Il tiro all’ungherese: la tecnica vincente nata nel derby di Bari del 1924

Redazione

18 Giugno 2026

Quel pomeriggio del 1924, Bari si fermò per un derby che ancora oggi fa discutere. Liberty contro Ideale, due squadre, un solo vincitore e un gesto di classe che ha attraversato i decenni. Janos, un giovane talento, segnò un gol che non fu solo un punto sul tabellone, ma un simbolo di orgoglio e grinta. In una città diversa, con strade e volti lontani da quelli di oggi, quel momento ha scolpito il carattere di un calcio che ha radici profonde e passioni senza tempo.

Liberty contro Ideale: la sfida che infiammava Bari

Nel 1924 il calcio a Bari viveva un momento di grande fermento. Liberty e Ideale erano le due squadre più in vista della città, e ogni loro scontro attirava migliaia di tifosi. Quella stagione fu segnata da sfide intense, ma quella tra Liberty e Ideale si distingueva per la tensione palpabile e la presenza in campo di giocatori destinati a lasciare un segno.

Liberty era una squadra giovane ma ben organizzata, fatta di talenti locali e allenata da tecnici attenti a far crescere il gioco. Ideale, invece, puntava sull’esperienza e sulla forza fisica, fattori che gli avevano già fruttato qualche successo. La città si divise in due schieramenti, con le tribune piene di cori e striscioni, un vero e proprio spettacolo di passione popolare.

Quel derby non era solo una partita. Era un momento di identità per i baresi, che si riconoscevano nei colori e nelle storie delle due squadre. Un appuntamento atteso non soltanto dagli sportivi, ma da chi vedeva nel calcio un legame profondo con la propria comunità.

Janos e il tiro che fece la storia

Janos, giovane promessa, partì titolare in quella sfida. La sua tecnica e freddezza nel momento decisivo catturarono subito l’attenzione. All’ultimo minuto, con il risultato in bilico e le squadre stremate, Janos si trovò davanti a un’occasione che non si presenta due volte.

Il suo tiro non fu un semplice tentativo: fu un mix perfetto di precisione, forza e tempismo. Il portiere non poté far altro che guardare la palla gonfiare la rete. Un gesto naturale, ma al tempo stesso unico, che ancora oggi viene citato come simbolo di talento puro. Quel gol decise la partita e consacrò Janos come atleta indomito.

Ma non fu solo un momento sportivo. Quel gesto divenne il simbolo di una generazione che portò passione e dedizione nelle piazze della città. Il gol di Janos si trasformò in orgoglio collettivo, tramandato di bocca in bocca, sulle pagine dei giornali e nelle cronache dell’epoca.

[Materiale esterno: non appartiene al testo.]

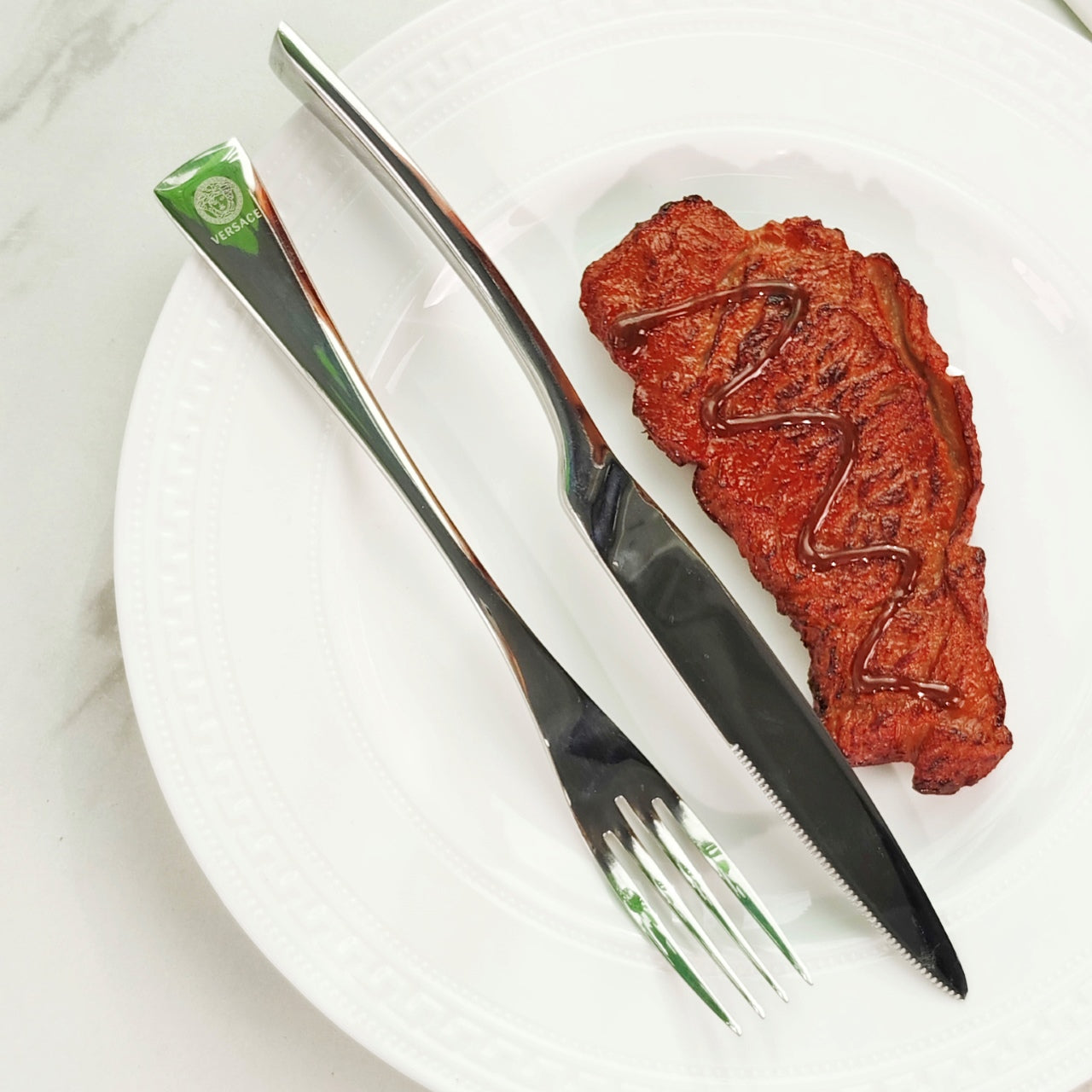 VERSACE SINGLE CUTLERY SET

Il valore storico e culturale di quel derby

A quasi cento anni di distanza, quel derby resta un punto fermo nella storia di Bari e del suo calcio. I resoconti dell’epoca, conservati tra giornali e archivi sportivi, mostrano come quella partita fosse molto più di una semplice sfida sul campo: era una vera e propria manifestazione culturale.

Quel derby ha dato il via a una tradizione calcistica che ha contribuito a plasmare l’identità sportiva della città. Gli episodi di quella partita e le figure che la animarono sono ancora oggi ricordati nei musei e nelle celebrazioni locali. Janos, in particolare, è diventato il simbolo di un’epoca gloriosa, un giovane talento che seppe lasciare un segno indelebile.

In definitiva, il confronto tra Liberty e Ideale racconta un pezzo di storia di Bari, un esempio di come lo sport possa intrecciarsi con la vita di una città, creare legami forti e raccontare storie di passione, sacrificio e gloria. Quel derby è molto più di una partita: è una pagina viva di cultura e memoria per tutta Bari.